Declare, by Tim Powers
Tim Powers is a big, fat tease.
What I really mean is that Tim Powers is an intriguingly opaque writer who uses a wealth of historical detail to obscure the fact that his fantasy novels are richly over the top.
Powers sets fantastical stories in historical venues, making his novels a sort of history a-go-go. This makes for an immensely refreshing take on fantasy. There are, at the very least, no anemic Gandolph seemalikes. In addition, fitting historical fact to a folkloric/fantastic framework fires curiosity in a most satisfying way. You begin to wonder: how much of this is true? It's an enjoyable puzzle.
His newest novel, Declare, is a rich tapestry of crossed genres, mixing the convolutions of the spy novel, the cover story and double cross, with the odd angles, the pacifications and perambulations, of middle eastern folklore. It's about Gilgamish and Genies and Immortality and Spies and Communism and The Berlin Wall and Baptism and Foxes with Ghosts in them. In describing his supernatural ecosystem, Powers even finds a way to make The Soviet Union even creepier than it actually was.
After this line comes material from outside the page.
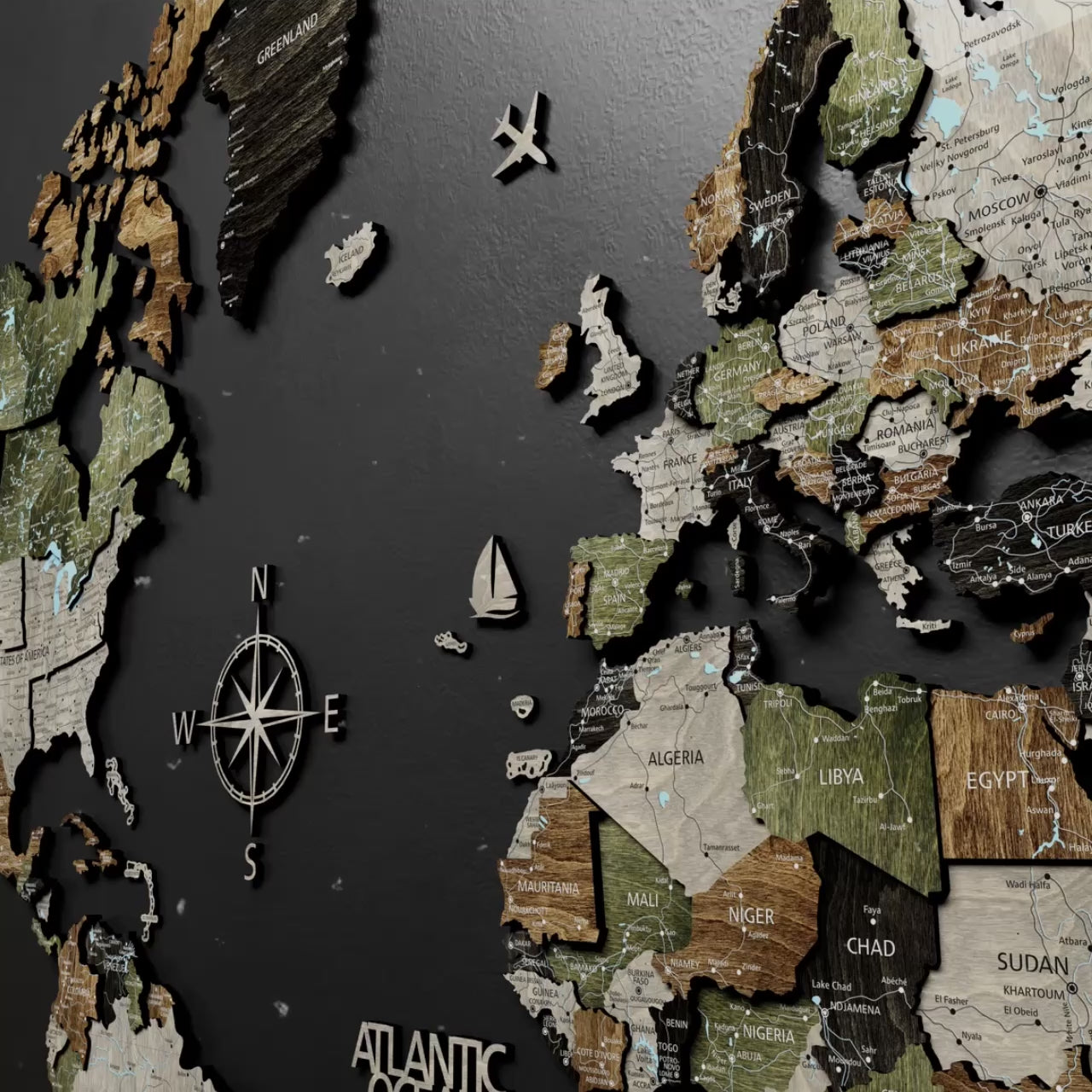 Packaging of the Light Rustic 3D wood world map, showing its protective wrapping and ready-to-gift presentation.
It's hard to talk about one of Powers' books without describing his entire Oeuvre. He always dabbles in eccentric concepts: The Drawing of the Dark is about a magic beer that safeguards western civilization. Last Call is about Las Vegas gamblers competing to be the Fisher King of America. On Stranger Tides is about Pirates seeking out the Fountain of Youth.
His books mine the elaborate network of superstitions people navigate their lives by: the nervous ticks of gamblers, the trademark personality quirks of pirates, the double blinds of spies. He layers them onto a supernatural pseudo-physics that takes you for a wild ride, mostly because it sounds almost possible in a really bent kind of fashion.
Tim Powers doesn't give you everything up front. The quirks of his supernatural creatures, ghosts and elementals, vampires and djinn, sort of unwind as a novel goes on. By the end, you'll feel you know enough to become a sort of latter day Solomon/Van Helsing.
What he gives you until he gets to that point is a rich background of character and history to set his flights of fancy in.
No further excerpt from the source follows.